- Problem statement
When you reach the line with "No.010 | ѡƥ߳ߥɥ饴ʥ륲ΥѡƥפΥץå󥿥ӥ塼츫Ի׵Ĥʥ󥻥ץȤ΢ˤä" in the records below, begin transcribing exactly and continue up to and including the line with "Фаршированные БЛИНЫ! Очень", leaving out every picture.

────────────────

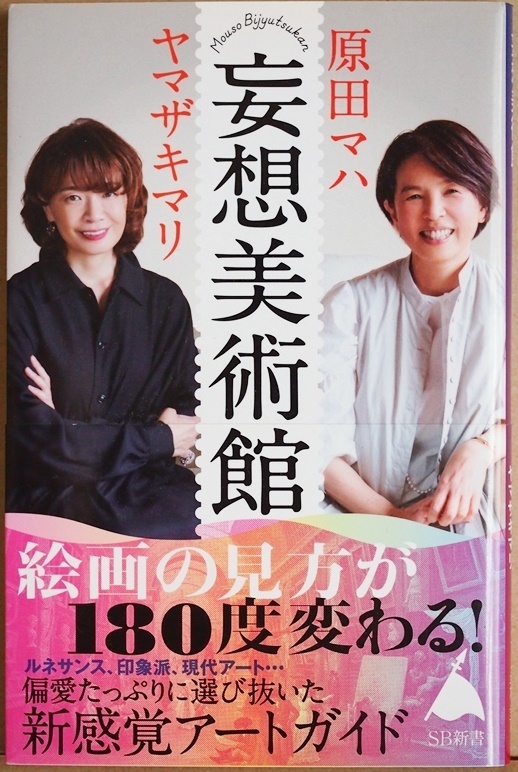 ★送料無料★ 『妄想美術館』 2人のアートの世界にどっぷり浸れる1冊 アート談義 原田マハ ヤマザキマリ 　新書 ★同梱ＯＫ★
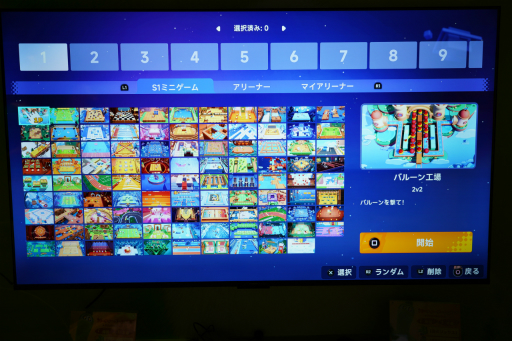 ꡼ No.010 | ѡƥ߳ߥɥ饴ʥ륲ΥѡƥפΥץå󥿥ӥ塼츫Ի׵Ĥʥ󥻥ץȤ΢ˤä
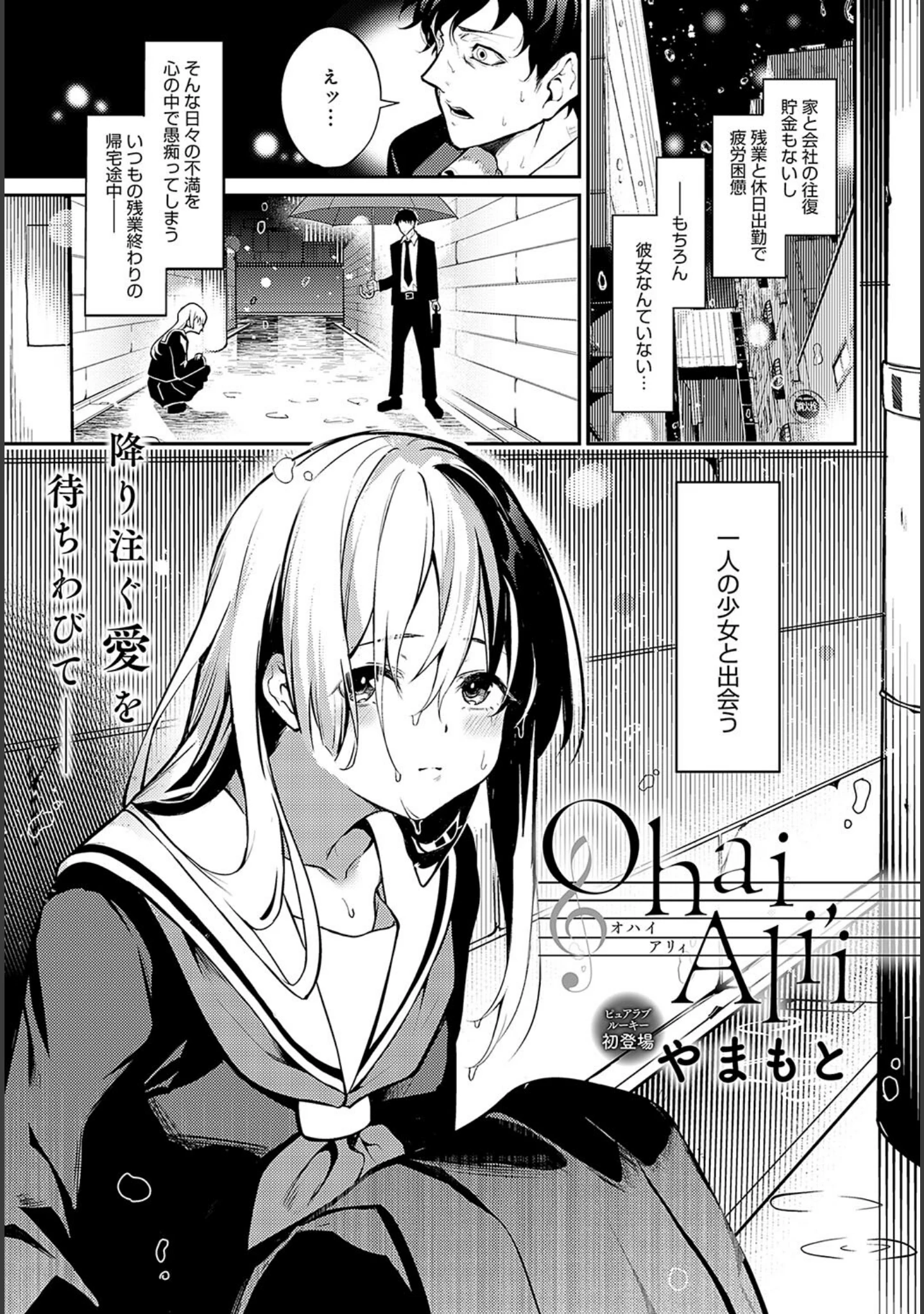 「comicアンスリウム Vol.136 2024年8月号」（露々々木もげら） 試し読み 28ページ目
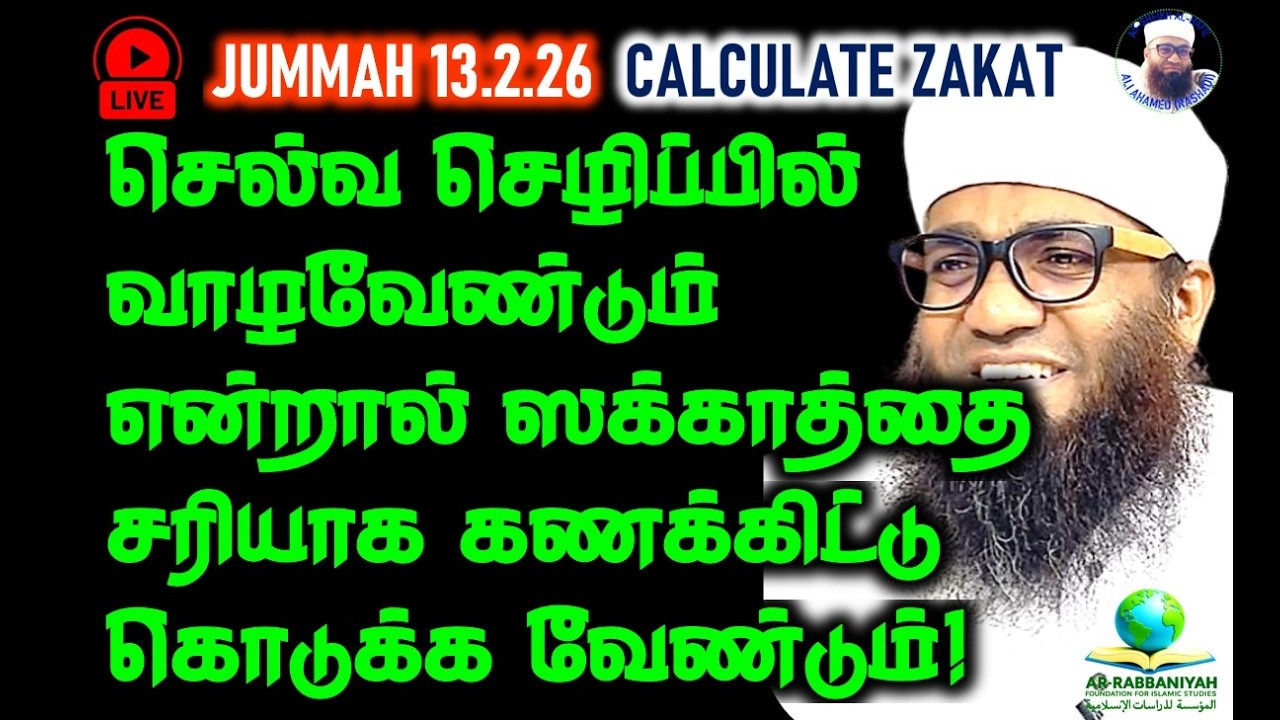 🔴LIVE JUMMAH செல்வ செழிப்பில் வாழவேண்டுமா, ஸக்காத்தை சரியாக கணக்கிட்டு கொடுக்க‌ வேண்டும் #zakat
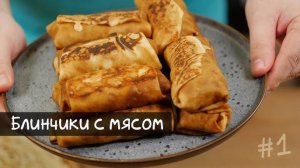 Фаршированные БЛИНЫ! Очень вкусная ЗАКУСКА или Ужин! БЛИНЧИКИ на Праздничный стол! Блины на завтрак!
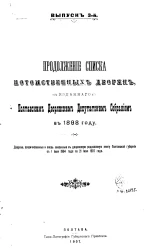 Продолжение списка потомственных дворян, изданного Полтавским Дворянским Депутатским Собранием в 1898 году. Выпуск 3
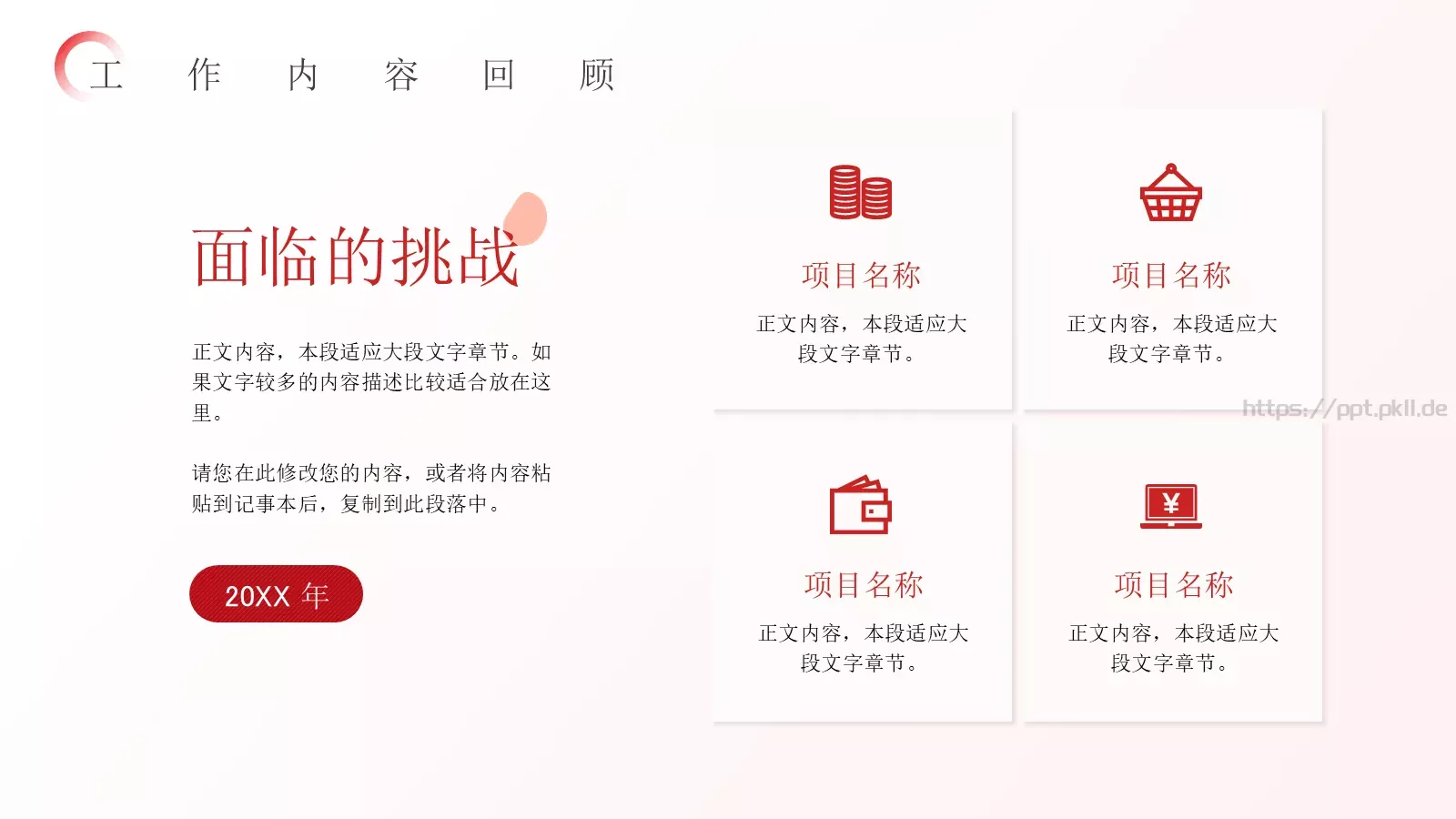 年度总结汇报PPT模板 第 8 页预览图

────────────────

- Task solution
 ꡼ No.010 | ѡƥ߳ߥɥ饴ʥ륲ΥѡƥפΥץå󥿥ӥ塼츫Ի׵Ĥʥ󥻥ץȤ΢ˤä
 「comicアンスリウム Vol.136 2024年8月号」（露々々木もげら） 試し読み 28ページ目
 🔴LIVE JUMMAH செல்வ செழிப்பில் வாழவேண்டுமா, ஸக்காத்தை சரியாக கணக்கிட்டு கொடுக்க‌ வேண்டும் #zakat
 Фаршированные БЛИНЫ! Очень вкусная ЗАКУСКА или Ужин! БЛИНЧИКИ на Праздничный стол! Блины на завтрак!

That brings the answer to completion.